TDP: Connecting the Dots (with Serendipity)

Providence is a peculiar thing. Sometimes the universe opens its arms to wrap you in a big ol’ hug and whispers in your ear, “Hey, quit doubting me. I’m real, and I’m wonderful.”

Today is all kinds of Serendipity (circa 2001) for me.

May I please be blessed with the body of Kate Beckinsale and please be spared from having to ever kiss John Cusack.

The Daily Post was my first WordPress follow and should be your next if it’s not on your Reader already.

Here is today’s writing prompt:

Open your nearest book to page 82. Take the third full sentence on the page, and work it into a post somehow.

The book: Aleph” by Paulo Coelho.

I was inexplicably drawn to this book back in April while exploring the Singapore airport (a thing of unrivaled beauty; click here to read our thoughts), but opted not to purchase it as my pack was too full to accommodate even 12 ounces of book. (Yep, that’s a hard stat.)

Today, with a smile on my face, I now understand my compulsion to read Aleph:

P.82, 3rd sentence: “Is it difficult to write?” he asks.

Since I’ve started freelancing, this is a question I’ve been posed more than once. What’s interesting is I have yet to field this question without an apparent sub-text skulking in the corner.

Sometimes “Is it difficult to write?” means: “I know it’s tough and I’m not willing to do the work, so… you should do it for me.”

Sometimes “Is it difficult to write?” means: “Quit bitching about your job. We all write. It’s simple.”

And other times “Is it difficult to write?” really means: “Help me! I want to learn.”

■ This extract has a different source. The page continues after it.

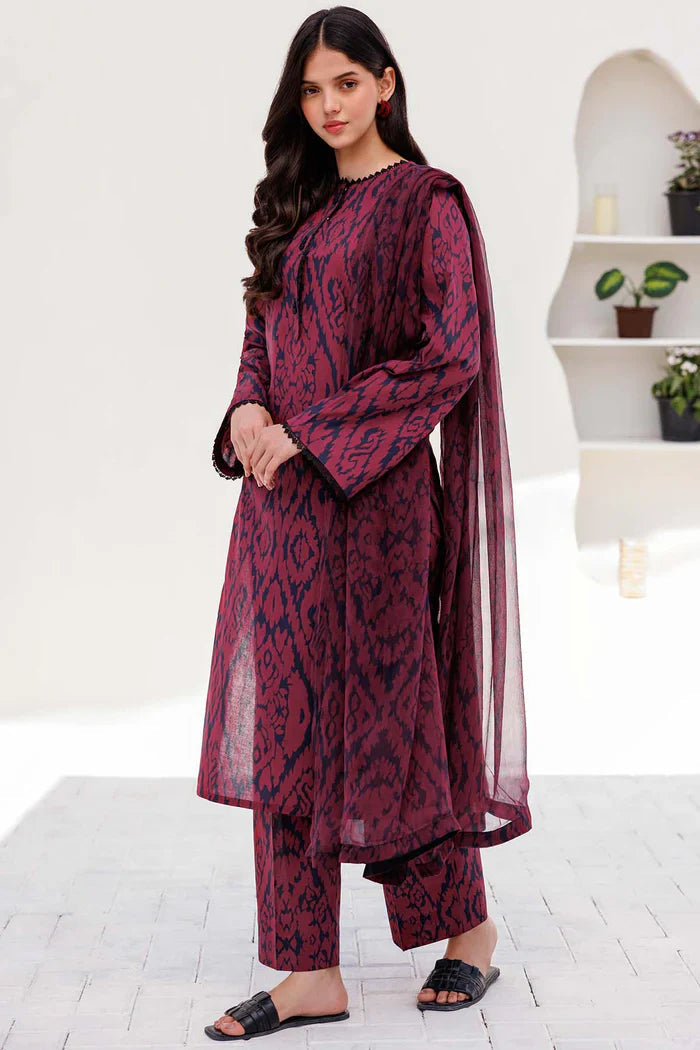 3PC PRINTED SHIRT WITH KARANDI PRINTED DUAPTTA AND TROUSER-822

It’s easy to guess which one I’m most receptive to. How would YOU answer the question?

I did a little digging (AKA I bee-lined for Wikipedia) and found this bit about Coelho I thought appropriate to include:

As a teenager, Coelho wanted to become a writer. Upon telling his mother this, she responded with, “My dear, your father is an engineer. He’s a logical, reasonable man with a clear vision of the world. Do you actually know what it means to be a writer?” After researching, Coelho concluded that a writer “always wear glasses and never combs his hair” and has a “duty and an obligation never to be understood by his own generation,” among other things.

Kudos, Paulo. You are on the mark:

why see with two eyes when you can see better with four?